Quando se aproximava o período mais duro da ditadura, em 11 de junho de 1968, O Estado de S. Paulo defendeu, em editorial, a censura a peças teatrais. “Foi uma oportuna manifestação a que se registrou recentemente na Assembleia Legislativa, pela palavra do deputado Aurélio Campos, sobre os excessos que se tem verificado em representações teatrais no terreno do desrespeito aos mais comezinhos preceitos morais. O mundo teatral — tanto os atores e atrizes como os autores — vêm movendo uma campanha sistemática contra a censura, e como esta nem sempre é exercida por autoridades à altura de tão graves e, às vezes, tão delicadas questões, a tendência de muitos é cerrar fileiras entre os que combatem”, disse o jornal.

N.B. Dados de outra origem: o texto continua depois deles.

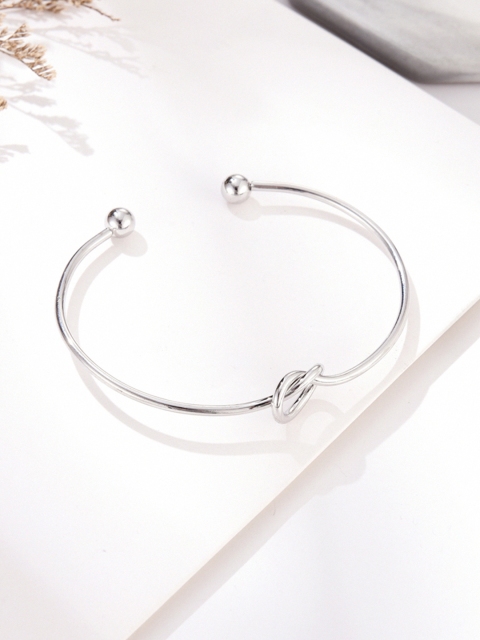 URBANIC Women Silver-Toned Cuff Bracelet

Nesse ambiente que premia sistematicamente a indignação, pouco importando se ela se baseia ou não em fatos, tornou-se regra conferir respeitabilidade à opinião desinformada. Contudo, ser contra tudo é igualar todos, o melhor e o pior, o mais limpo e o mais corrupto dos governantes. FHC, para ficar apenas em um caso exemplar, não tem moral para ser igualado a Lula e a Dilma. Ao proclamar a intenção de unir o povo para vencer essa onda fascista, portanto, Dilma está dizendo a todo o país, numa palavra, o seguinte: a tarefa número 1, número 2 e número 3 agora é a luta para governar. E isso quer dizer, entre outras coisas, democratizar a comunicação.